> [Materials provided]

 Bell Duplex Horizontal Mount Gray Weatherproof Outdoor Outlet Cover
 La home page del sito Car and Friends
...
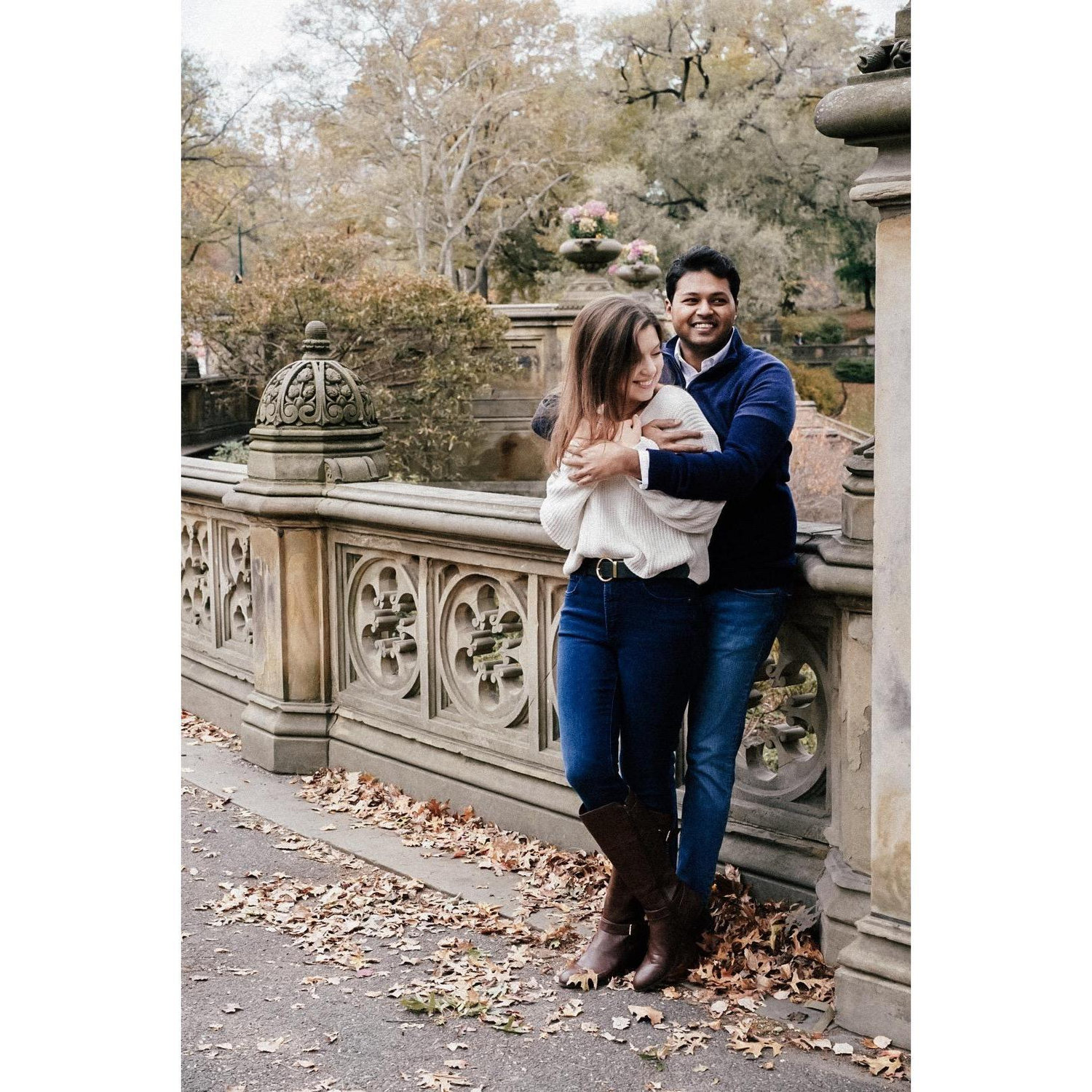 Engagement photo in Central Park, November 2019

> [What you have to do] Of the entries above, repeat exactly the lines between the line with "Bell Duplex Horizontal" and the line with "La home page del sito Car and Friends", inclusive, and no others.

> [Answer to the problem]
 Bell Duplex Horizontal Mount Gray Weatherproof Outdoor Outlet Cover
 La home page del sito Car and Friends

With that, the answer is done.